Social media is likely to take on the grassroots role, she says, so get ready for a swell of political messaging on Facebook, Twitter and others. “The messages for this presidential election are going to become more extreme and more polarized.”
In new research forthcoming in the journal Marketing Science, Zhang and co-author Doug J. Chung from Harvard Business School break down the most effective ways for campaigns to spend their marketing budgets to sway voters and get them to the polls to vote.
Using data from the 2004, 2008 and 2012 presidential elections, Zhang found the two things that resonate most with voters who already have their minds made up are grassroots ground campaigning efforts and PAC (political action committee) and Super PAC advertising, often dubbed attack ads.
“For all the people who have preexisting political beliefs, PAC advertising is very effective – more effective than advertisements sponsored by the candidates,” says Zhang. Why? “It’s because of the tone of these advertisements. PAC advertising tends to be more attacking. We find that these types of messages are better received by partisan voters.”
The research shows more neutral TV spots in support of a candidate don’t have the mobilizing effect, but there is a place for that type of advertising for voters who are still on the fence.

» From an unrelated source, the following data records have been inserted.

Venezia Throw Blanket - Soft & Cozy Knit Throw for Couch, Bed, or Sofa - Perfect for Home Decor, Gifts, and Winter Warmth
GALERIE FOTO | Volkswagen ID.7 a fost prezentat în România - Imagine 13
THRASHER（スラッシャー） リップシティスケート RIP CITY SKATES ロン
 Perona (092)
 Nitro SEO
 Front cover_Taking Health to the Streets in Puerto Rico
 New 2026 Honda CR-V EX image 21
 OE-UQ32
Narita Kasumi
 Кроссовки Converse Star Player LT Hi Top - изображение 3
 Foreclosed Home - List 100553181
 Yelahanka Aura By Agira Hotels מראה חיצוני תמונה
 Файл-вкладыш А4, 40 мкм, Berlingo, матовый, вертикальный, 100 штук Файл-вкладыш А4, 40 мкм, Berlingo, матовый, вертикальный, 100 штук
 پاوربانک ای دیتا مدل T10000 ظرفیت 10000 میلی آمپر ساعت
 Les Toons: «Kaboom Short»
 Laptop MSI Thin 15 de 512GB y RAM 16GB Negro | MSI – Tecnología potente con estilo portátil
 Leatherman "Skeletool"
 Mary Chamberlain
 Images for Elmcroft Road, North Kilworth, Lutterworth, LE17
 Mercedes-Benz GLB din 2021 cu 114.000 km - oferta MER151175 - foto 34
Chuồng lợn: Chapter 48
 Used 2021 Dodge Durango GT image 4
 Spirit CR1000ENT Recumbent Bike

“Our research shows that if you’re going to do impersonal mass-media advertising, like TV advertising, you should be focusing on the middle-ground undecided voters. But with Super PAC ads and on-the-ground campaigning, focus on the areas where races are most contentious and focus on your core supporters to make sure they go out to vote,” says Zhang.
The difference this year is there aren’t as many undecided voters.
“Partisans are becoming more partisan,” says Zhang. “Also, people who are in the middle are moving toward the two extremes. In this presidential campaign, you have a very thin middle ground to play with.”
Because of that, campaigns should focus their money and attention on PAC advertising and social media, this year’s closest substitute to the traditional ground game. But how those strategies play out in what will be an anomalous election year remains to be seen, says Zhang.
“There’s a lot of uncertainty like everything else. Will they have the same role in terms of going out to vote? That’s a very interesting question mark.”